7. The UserService – Register Operation

Let’s finish the implementation of the registration operation int the UserService:

Example 7.1. The IUserService Interface

public interface IUserService {
    User registerNewUserAccount(UserDto accountDto)     
      throws EmailExistsException;
}

Example 7.2. – The UserService Class

@Service
public class UserService implements IUserService {
    @Autowired
    private UserRepository repository;
    
    @Transactional
    @Override
    public User registerNewUserAccount(UserDto accountDto) 
      throws EmailExistsException {
        
        if (emailExist(accountDto.getEmail())) {   
            throw new EmailExistsException(
              "There is an account with that email address:  + accountDto.getEmail());
        }
        User user = new User();    
        user.setFirstName(accountDto.getFirstName());
        user.setLastName(accountDto.getLastName());
        user.setPassword(accountDto.getPassword());
        user.setEmail(accountDto.getEmail());
        user.setRoles(Arrays.asList("ROLE_USER"));
        return repository.save(user);       
    }
    private boolean emailExist(String email) {
        User user = repository.findByEmail(email);
        if (user != null) {
            return true;
        }
        return false;
    }
}

8. Loading User Details for Security Login

In our previous article, login was using hard coded credentials. Let’s change that and use the newly registered user information and credentials. We’ll implement a custom UserDetailsService to check the credentials for login from the persistence layer.

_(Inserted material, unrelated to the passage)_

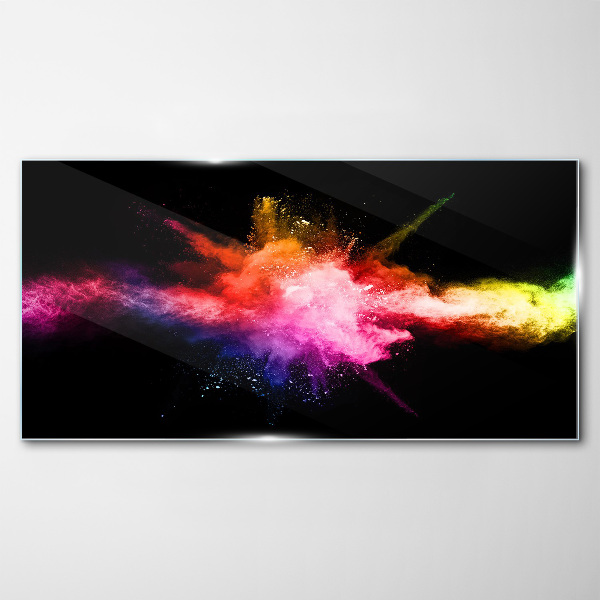 Tableau photo sur verre Une explosion de couleurs dans le noir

8.1. The Custom UserDetailsService

Let’s start with the custom user details service implementation:

@Service
@Transactional
public class MyUserDetailsService implements UserDetailsService {
 
    @Autowired
    private UserRepository userRepository;
    // 
    public UserDetails loadUserByUsername(String email)
      throws UsernameNotFoundException {
 
        User user = userRepository.findByEmail(email);
        if (user == null) {
            throw new UsernameNotFoundException(
              "No user found with username: "+ email);
        }
        boolean enabled = true;
        boolean accountNonExpired = true;
        boolean credentialsNonExpired = true;
        boolean accountNonLocked = true;
        return  new org.springframework.security.core.userdetails.User
          (user.getEmail(), 
          user.getPassword().toLowerCase(), enabled, accountNonExpired, 
          credentialsNonExpired, accountNonLocked, 
          getAuthorities(user.getRoles()));
    }
    
    private static List<GrantedAuthority> getAuthorities (List<String> roles) {
        List<GrantedAuthority> authorities = new ArrayList<>();
        for (String role : roles) {
            authorities.add(new SimpleGrantedAuthority(role));
        }
        return authorities;
    }
}

8.2. Enable the New Authentication Provider

To enable the new user service in the Spring Security configuration – we simply need to add a reference to the UserDetailsService inside the authentication-manager element and add the UserDetailsService bean:

Example 8.2.- The Authentication Manager and the UserDetailsService

<authentication-manager>
    <authentication-provider user-service-ref="userDetailsService" /> 
</authentication-manager>
 
<beans:bean id="userDetailsService" 
  class="org.baeldung.security.MyUserDetailsService"/>

Or, via Java configuration:

@Autowired
private MyUserDetailsService userDetailsService;

@Override
protected void configure(AuthenticationManagerBuilder auth) 
  throws Exception {
    auth.userDetailsService(userDetailsService);
}

9. Conclusion

And we’re done – a complete and almost production ready registration process implemented with Spring Security and Spring MVC. Next, we’re going to discuss the process of activating the newly registered account by verifying the email of the new user.

The implementation of this Spring Security REST Tutorial can be found in the GitHub project – this is an Eclipse based project, so it should be easy to import and run as it is.